Case Presentation:

A 28 year old male presented to clinic with a painless, progressively enlarging mass in his right testis for 4-6 weeks.  On examination a large, firm, right scrotal swelling was present. Testicular ultrasound revealed a heterogeneous 6.2 x 4.1 x 6.5 cm solid mass in the right testes. Labs were notable for a significantly elevated human chorionic gonadotropin (HCG) level of 1,414,442.8 IU/L, with a slightly elevated lactate dehydrogenase (LDH) of 1014 U/L, and normal alpha fetoprotein (AFP) of 3.3 ng/ml. CT scan of the chest and abdomen demonstrated metastasis to the lung, liver and retroperitoneal lymph nodes. Surgical intervention was advised, and a right inguinal orchiectomy was performed. Testicular pathology was consistent with choriocarcinoma with vascular invasion. Immunohistochemical staining was performed and was positive for HCG and pancytokeratin, confirming malignant choriocarcinoma as the diagnosis.

Chemotherapy was recommended and the patient was scheduled for port catheter placement. Post procedurally the patient developed atrial fibrillation with rapid ventricular response. Work up of atrial fibrillation included a normal echocardiogram, troponins, and electrolytes but was significant for a low thyroid-stimulating hormone (TSH) of 0.005 mU/L, high free thyroxine (T4) of 3.3 ng/dl and high free triiodothyronine (T3) of 11.69 pg/ml. Thyroid stimulating immunoglobulin was negative. A final diagnosis of paraneoplastic hyperthyroidism secondary to metastatic choriocarcinoma was made. The patient was administered chemotherapy for choriocarcinoma and methimazole for hyperthyroidism. Our patient responded well to chemotherapy and within months his HCG returned to normal levels with subsequent resolution of hyperthyroidism.

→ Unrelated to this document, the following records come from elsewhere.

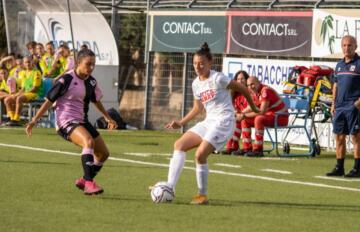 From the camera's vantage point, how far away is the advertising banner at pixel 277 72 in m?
22.8

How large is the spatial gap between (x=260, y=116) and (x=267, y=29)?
4.84 m

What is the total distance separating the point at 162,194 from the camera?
1240 cm

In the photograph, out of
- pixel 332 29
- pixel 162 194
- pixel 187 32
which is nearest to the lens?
pixel 162 194

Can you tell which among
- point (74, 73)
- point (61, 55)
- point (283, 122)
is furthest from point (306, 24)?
point (74, 73)

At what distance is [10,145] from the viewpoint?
20688 mm

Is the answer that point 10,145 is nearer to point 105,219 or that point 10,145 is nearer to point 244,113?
point 244,113

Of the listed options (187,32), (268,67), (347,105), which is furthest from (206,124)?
(187,32)

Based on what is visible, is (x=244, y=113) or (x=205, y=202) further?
(x=244, y=113)

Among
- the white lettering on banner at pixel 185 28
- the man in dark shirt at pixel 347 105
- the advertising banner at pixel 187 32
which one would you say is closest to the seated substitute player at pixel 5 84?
the advertising banner at pixel 187 32

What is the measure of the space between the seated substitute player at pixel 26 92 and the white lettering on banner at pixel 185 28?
10.5 feet

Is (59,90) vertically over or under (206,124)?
over

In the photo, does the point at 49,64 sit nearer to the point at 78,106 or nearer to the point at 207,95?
the point at 78,106

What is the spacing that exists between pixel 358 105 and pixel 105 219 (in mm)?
6536

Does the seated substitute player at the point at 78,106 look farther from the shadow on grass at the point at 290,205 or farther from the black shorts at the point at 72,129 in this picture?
Answer: the shadow on grass at the point at 290,205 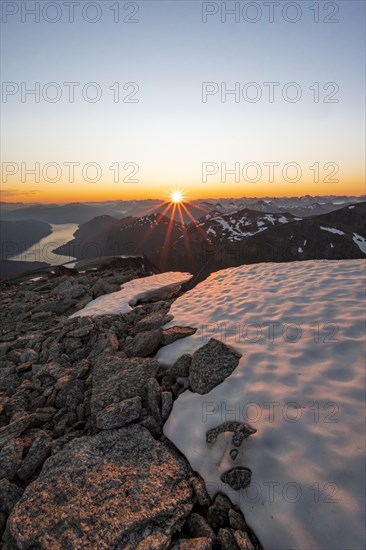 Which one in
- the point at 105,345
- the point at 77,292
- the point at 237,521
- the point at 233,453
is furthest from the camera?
the point at 77,292

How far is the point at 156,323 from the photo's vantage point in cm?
996

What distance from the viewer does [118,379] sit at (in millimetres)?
7012

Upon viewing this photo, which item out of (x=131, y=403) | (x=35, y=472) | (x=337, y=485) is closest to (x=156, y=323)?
(x=131, y=403)

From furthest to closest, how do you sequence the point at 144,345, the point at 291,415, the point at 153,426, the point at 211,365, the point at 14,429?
the point at 144,345
the point at 211,365
the point at 14,429
the point at 153,426
the point at 291,415

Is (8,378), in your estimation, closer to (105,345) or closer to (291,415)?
(105,345)

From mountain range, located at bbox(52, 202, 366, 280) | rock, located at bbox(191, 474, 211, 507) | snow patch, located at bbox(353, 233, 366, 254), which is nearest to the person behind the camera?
rock, located at bbox(191, 474, 211, 507)

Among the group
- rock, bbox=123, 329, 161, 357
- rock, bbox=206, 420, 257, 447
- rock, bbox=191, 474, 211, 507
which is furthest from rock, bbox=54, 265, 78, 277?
rock, bbox=191, 474, 211, 507

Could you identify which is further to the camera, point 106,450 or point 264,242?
point 264,242

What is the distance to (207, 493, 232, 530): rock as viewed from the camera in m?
4.14

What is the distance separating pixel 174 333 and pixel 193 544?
17.0 feet

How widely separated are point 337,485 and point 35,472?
4895 mm

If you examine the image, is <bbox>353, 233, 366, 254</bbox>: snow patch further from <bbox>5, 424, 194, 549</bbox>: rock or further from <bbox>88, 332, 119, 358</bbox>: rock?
<bbox>5, 424, 194, 549</bbox>: rock

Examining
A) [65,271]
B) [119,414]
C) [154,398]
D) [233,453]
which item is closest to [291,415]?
[233,453]

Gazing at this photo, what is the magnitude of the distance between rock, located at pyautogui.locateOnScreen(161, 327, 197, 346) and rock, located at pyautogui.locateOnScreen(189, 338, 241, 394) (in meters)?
1.15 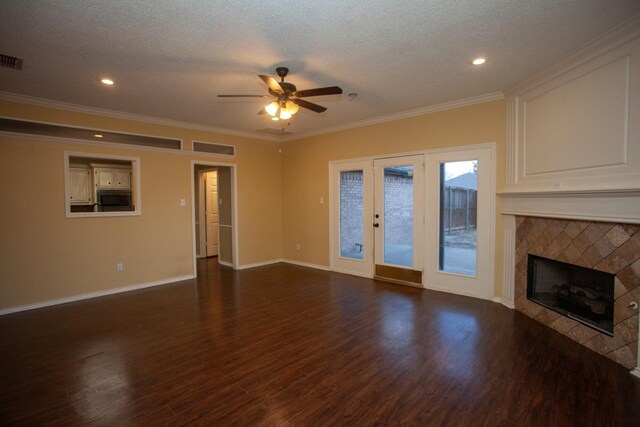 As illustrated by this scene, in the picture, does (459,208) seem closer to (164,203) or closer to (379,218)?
(379,218)

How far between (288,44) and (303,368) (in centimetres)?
286

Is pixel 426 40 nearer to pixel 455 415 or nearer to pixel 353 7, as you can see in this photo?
pixel 353 7

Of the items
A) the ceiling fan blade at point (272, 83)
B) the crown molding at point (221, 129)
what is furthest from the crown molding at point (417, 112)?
the ceiling fan blade at point (272, 83)

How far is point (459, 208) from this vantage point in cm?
456

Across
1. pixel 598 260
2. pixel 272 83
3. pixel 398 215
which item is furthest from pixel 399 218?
pixel 272 83

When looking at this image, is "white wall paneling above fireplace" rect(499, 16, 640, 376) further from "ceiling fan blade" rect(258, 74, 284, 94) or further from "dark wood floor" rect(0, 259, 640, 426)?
"ceiling fan blade" rect(258, 74, 284, 94)

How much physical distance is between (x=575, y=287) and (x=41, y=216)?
21.9 ft

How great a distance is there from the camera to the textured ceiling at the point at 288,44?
2295 millimetres

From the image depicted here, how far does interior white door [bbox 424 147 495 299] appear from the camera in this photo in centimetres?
427

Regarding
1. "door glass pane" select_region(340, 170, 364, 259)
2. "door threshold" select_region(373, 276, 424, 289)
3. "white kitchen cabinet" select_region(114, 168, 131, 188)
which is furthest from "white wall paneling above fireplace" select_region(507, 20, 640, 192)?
"white kitchen cabinet" select_region(114, 168, 131, 188)

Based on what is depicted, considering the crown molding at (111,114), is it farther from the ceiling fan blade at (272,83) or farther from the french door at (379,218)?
the ceiling fan blade at (272,83)

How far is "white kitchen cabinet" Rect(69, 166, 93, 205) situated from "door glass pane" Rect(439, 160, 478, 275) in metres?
6.61

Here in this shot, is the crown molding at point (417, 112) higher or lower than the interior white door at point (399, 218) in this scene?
higher

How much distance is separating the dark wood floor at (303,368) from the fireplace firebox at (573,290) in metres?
0.37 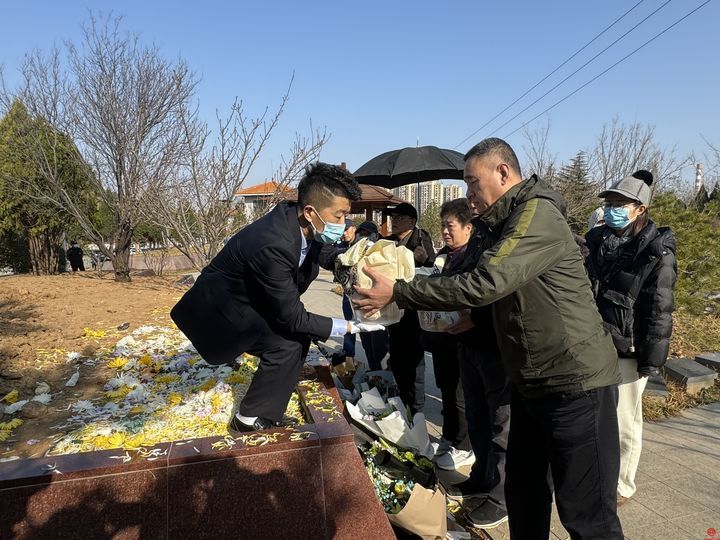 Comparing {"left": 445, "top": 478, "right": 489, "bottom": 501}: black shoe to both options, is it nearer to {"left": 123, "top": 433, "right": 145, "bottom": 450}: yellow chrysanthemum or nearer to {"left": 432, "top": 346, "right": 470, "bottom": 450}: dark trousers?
{"left": 432, "top": 346, "right": 470, "bottom": 450}: dark trousers

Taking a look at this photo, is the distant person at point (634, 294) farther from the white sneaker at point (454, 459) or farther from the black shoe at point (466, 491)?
the white sneaker at point (454, 459)

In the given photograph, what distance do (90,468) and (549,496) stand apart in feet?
6.64

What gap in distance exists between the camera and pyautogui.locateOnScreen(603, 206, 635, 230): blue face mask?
3.02 metres

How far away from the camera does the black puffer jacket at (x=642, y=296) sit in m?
2.77

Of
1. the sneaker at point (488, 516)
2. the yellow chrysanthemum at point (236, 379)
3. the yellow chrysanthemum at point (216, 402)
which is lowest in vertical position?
the sneaker at point (488, 516)

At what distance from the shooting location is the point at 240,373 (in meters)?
3.86

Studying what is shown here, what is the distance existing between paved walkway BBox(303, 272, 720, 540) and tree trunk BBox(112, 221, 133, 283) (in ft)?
30.3

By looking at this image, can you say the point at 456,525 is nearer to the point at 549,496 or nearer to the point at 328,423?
the point at 549,496

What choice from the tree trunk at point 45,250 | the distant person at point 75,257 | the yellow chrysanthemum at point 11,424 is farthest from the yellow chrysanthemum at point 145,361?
the distant person at point 75,257

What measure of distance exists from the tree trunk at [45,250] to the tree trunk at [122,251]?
4.15 meters

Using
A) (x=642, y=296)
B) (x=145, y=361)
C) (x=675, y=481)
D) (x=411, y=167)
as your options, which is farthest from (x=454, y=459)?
(x=411, y=167)

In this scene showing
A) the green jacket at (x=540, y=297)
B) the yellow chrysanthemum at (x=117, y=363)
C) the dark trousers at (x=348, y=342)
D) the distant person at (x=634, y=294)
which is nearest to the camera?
the green jacket at (x=540, y=297)

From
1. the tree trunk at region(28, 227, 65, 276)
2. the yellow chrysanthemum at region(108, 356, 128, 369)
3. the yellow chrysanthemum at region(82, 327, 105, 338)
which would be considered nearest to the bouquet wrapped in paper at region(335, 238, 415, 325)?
the yellow chrysanthemum at region(108, 356, 128, 369)

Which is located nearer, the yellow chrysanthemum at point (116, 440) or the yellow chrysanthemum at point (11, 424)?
the yellow chrysanthemum at point (116, 440) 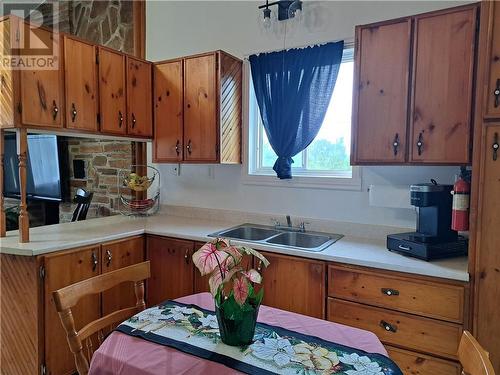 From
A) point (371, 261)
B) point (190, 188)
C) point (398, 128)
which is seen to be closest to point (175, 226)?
point (190, 188)

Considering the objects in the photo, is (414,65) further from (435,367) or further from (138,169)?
(138,169)

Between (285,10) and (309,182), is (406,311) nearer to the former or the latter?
(309,182)

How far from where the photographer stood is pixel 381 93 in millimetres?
2043

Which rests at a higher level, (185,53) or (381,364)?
(185,53)

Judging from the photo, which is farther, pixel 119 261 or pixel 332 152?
pixel 332 152

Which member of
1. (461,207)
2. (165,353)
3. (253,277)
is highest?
(461,207)

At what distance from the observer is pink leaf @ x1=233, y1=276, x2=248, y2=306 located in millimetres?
1085

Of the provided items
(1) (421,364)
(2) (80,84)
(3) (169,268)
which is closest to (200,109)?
(2) (80,84)

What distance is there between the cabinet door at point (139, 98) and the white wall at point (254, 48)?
0.50 m

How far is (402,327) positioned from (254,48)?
229cm

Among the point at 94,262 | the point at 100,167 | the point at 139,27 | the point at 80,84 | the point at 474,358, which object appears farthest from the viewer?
the point at 100,167

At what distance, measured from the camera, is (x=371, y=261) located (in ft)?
6.13

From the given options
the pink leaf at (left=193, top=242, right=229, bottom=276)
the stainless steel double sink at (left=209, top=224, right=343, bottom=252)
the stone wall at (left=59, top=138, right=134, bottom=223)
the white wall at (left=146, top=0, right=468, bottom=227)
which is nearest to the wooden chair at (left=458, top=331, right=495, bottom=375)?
the pink leaf at (left=193, top=242, right=229, bottom=276)

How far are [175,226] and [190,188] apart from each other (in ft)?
1.89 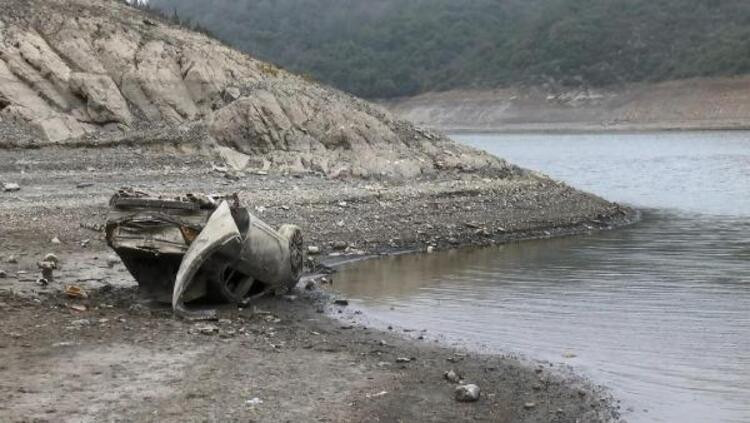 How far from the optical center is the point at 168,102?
24.5 meters

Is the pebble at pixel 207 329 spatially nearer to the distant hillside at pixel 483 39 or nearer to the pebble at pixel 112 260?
the pebble at pixel 112 260

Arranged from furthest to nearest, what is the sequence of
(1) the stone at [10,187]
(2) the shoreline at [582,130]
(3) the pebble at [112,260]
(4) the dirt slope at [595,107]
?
(4) the dirt slope at [595,107], (2) the shoreline at [582,130], (1) the stone at [10,187], (3) the pebble at [112,260]

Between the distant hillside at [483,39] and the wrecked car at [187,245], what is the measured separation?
273ft

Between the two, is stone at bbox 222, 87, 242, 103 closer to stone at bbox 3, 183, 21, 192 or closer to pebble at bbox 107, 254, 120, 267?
stone at bbox 3, 183, 21, 192

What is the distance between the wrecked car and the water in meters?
2.06

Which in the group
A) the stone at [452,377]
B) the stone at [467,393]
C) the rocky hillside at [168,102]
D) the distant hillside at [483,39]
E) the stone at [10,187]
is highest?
the distant hillside at [483,39]

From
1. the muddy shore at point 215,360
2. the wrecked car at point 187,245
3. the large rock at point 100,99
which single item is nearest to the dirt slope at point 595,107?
the large rock at point 100,99

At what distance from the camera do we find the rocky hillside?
2275 centimetres

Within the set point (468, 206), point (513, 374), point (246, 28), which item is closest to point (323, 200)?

Discussion: Approximately 5-6 cases of testicular cancer per 100,000 males are reported each year with malignant choriocarcinoma representing less than 1% of all germ cell tumors. Paraneoplastic syndromes are triggered by functional peptides secreted by a tumor. Paraneoplastic hyperthyroidism is a rare finding associated with metastatic choriocarcinoma. The HCG hormone is structurally homologous to TSH, which can lead to stimulation of the TSH receptor. The laboratory profile mimics primary hyperthyroidism with a low TSH level and elevated free T4 and T3 levels. A paraneoplastic hyperthyroidism is usually seen in patients with HCG levels above 50,000 IU/L and improves as the underlying cancer is treated with chemotherapy.

Conclusions:

This case draws our attention to a rare case of hyperthyroid paraneoplastic syndrome associated with choriocarcinoma. It illustrates the importance of evaluating for hyperthyroidism in all patients with high HCG levels associated with choriocarcinoma.